For safety in climbing, a mountaineer uses a nylon rope that is 55 m long and 0.9 cm in diameter. When supporting a 88-kg climber, the rope elongates 1.4 m. Find its Young's modulus.
To find the Young's modulus of the nylon rope, we can use Hooke's Law, which states that the elongation or deformation of an object is directly proportional to the force applied to it.
First, let's determine the force applied to the rope when supporting the climber. We know the weight of the climber is 88 kg, so we can calculate the force (F) using the acceleration due to gravity (g), which is approximately 9.8 m/s²:
F = m * g
F = 88 kg * 9.8 m/s²
F ≈ 862.4 N
Now, we have the force applied to the rope (862.4 N) and the elongation of the rope (1.4 m). According to Hooke's Law, the elongation (ΔL) is proportional to the force (F) applied and the Young's modulus (Y):
ΔL = (F * L) / (A * Y)
Where:
ΔL is the elongation of the rope (1.4 m)
F is the force applied to the rope (862.4 N)
L is the original length of the rope (55 m)
A is the cross-sectional area of the rope (πr²)
Y is the Young's modulus (to be determined)
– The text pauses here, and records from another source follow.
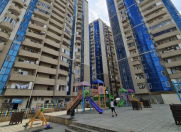 Satılır 2 otaqlı 80 m2 yeni tikili Bakıxanov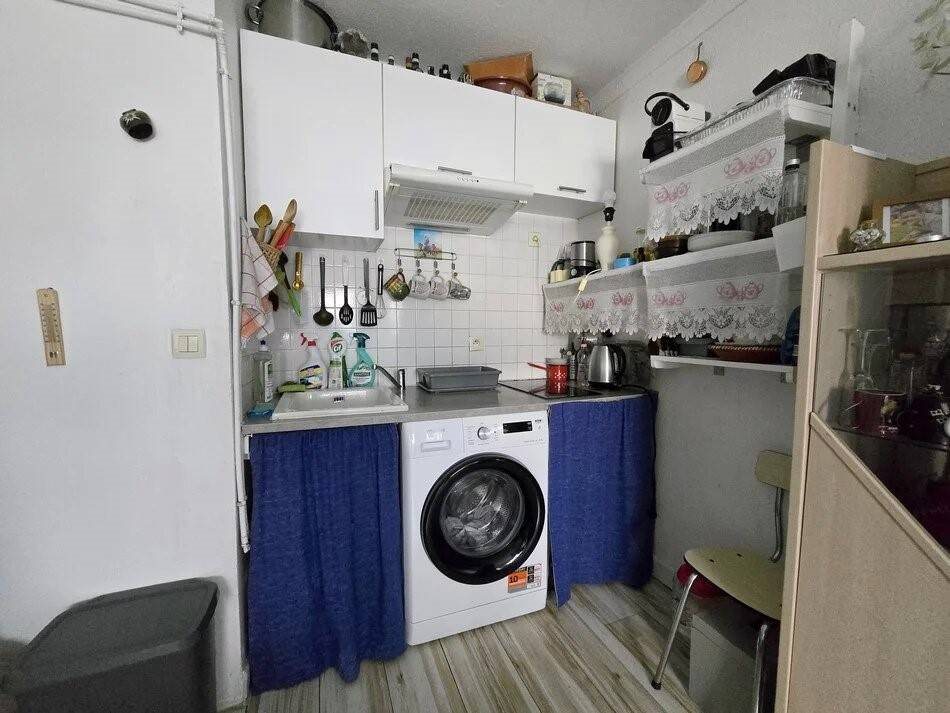 Appartement à vendre, 29m², Nice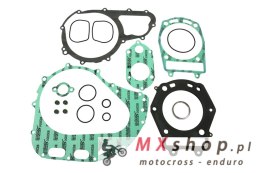 ATHENA KOMPLET USZCZELEK SUZUKI XF 650 FREEWIND '97-'01, DR 650 SE 96-09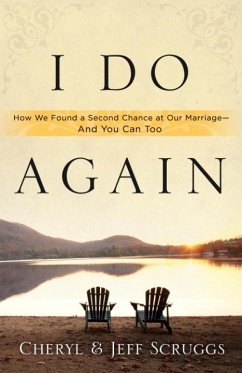 Cover I Do Again (eBook, ePUB)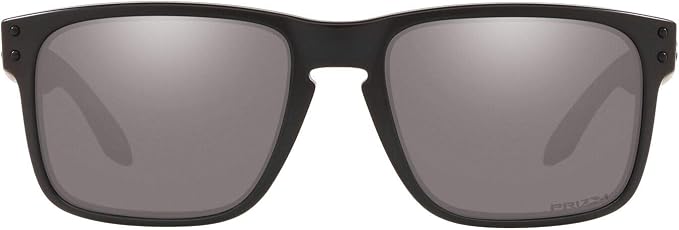 Oakley OO9102 Holbrook - Occhiali da sole quadrati, da uomo, colore: Nero  opaco : Amazon.it: Abbigliamento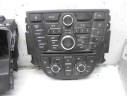 Recambio de sistema navegacion gps para opel astra j lim. excellence referencia OEM IAM 13360093  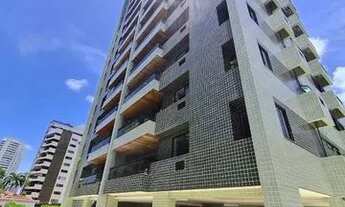 Imagem 1: Apartamento com 4 quartos, 3 suítes, Graças - Recife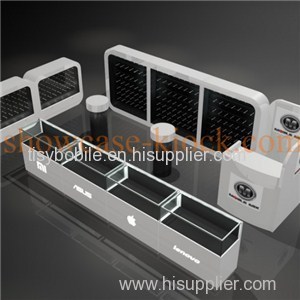 Cellphone Display Vitrine Product Product Product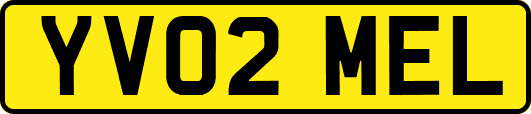 YV02MEL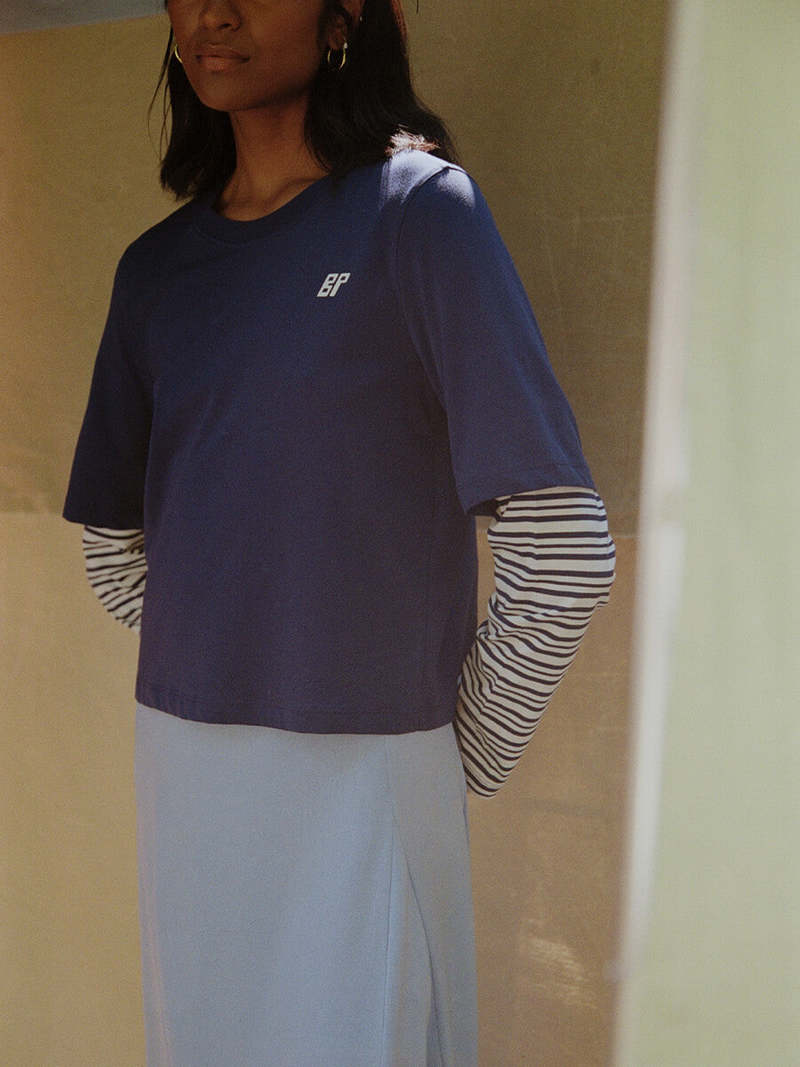 Baum und Pferdgarten Jolin Tee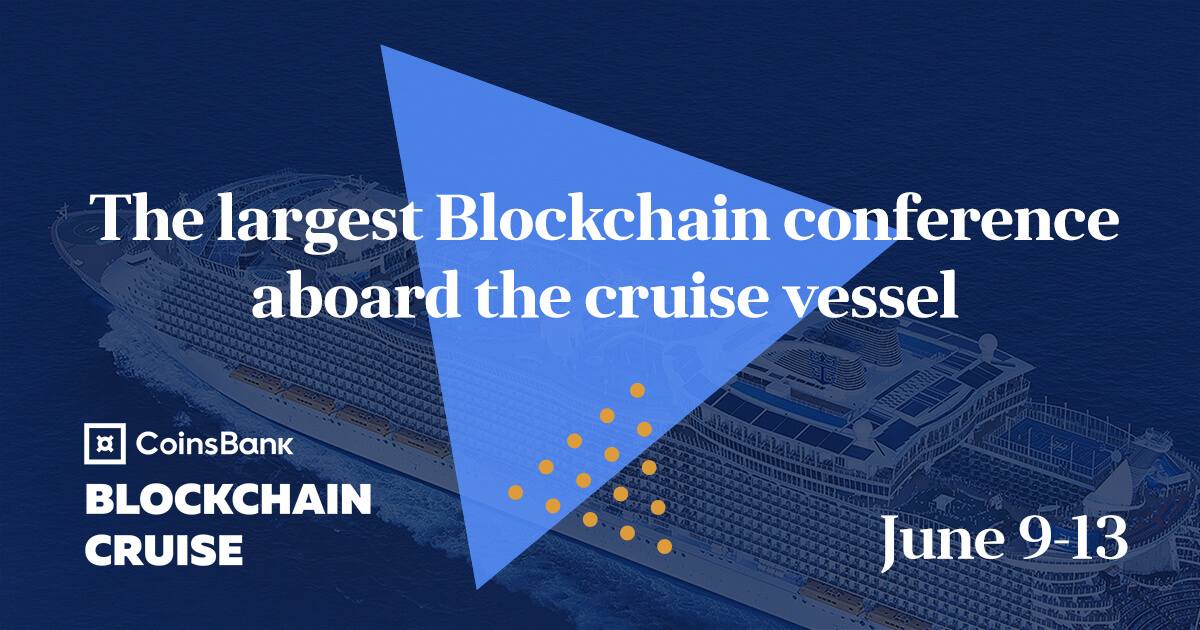 Blockchain cruise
To solve for Y, we need to find the cross-sectional area (A) of the rope. The diameter (d) of the rope is given as 0.9 cm, so we can calculate the radius (r) by dividing the diameter by 2:
r = d / 2
r = 0.9 cm / 2
r = 0.45 cm
r = 0.0045 m (converting cm to m)
Now, we can calculate the cross-sectional area (A) using the formula:
A = πr²
A = π * (0.0045 m)²
A ≈ 0.000063617 m²
Now, let's rearrange the Hooke's Law formula to solve for Y:
Y = (F * L) / (A * ΔL)
Substituting the values we have:
Y = (862.4 N * 55 m) / (0.000063617 m² * 1.4 m)
Calculating the value:
Y ≈ 2.4 x 10^9 N/m²
So, the Young's modulus of the nylon rope is approximately 2.4 x 10^9 N/m².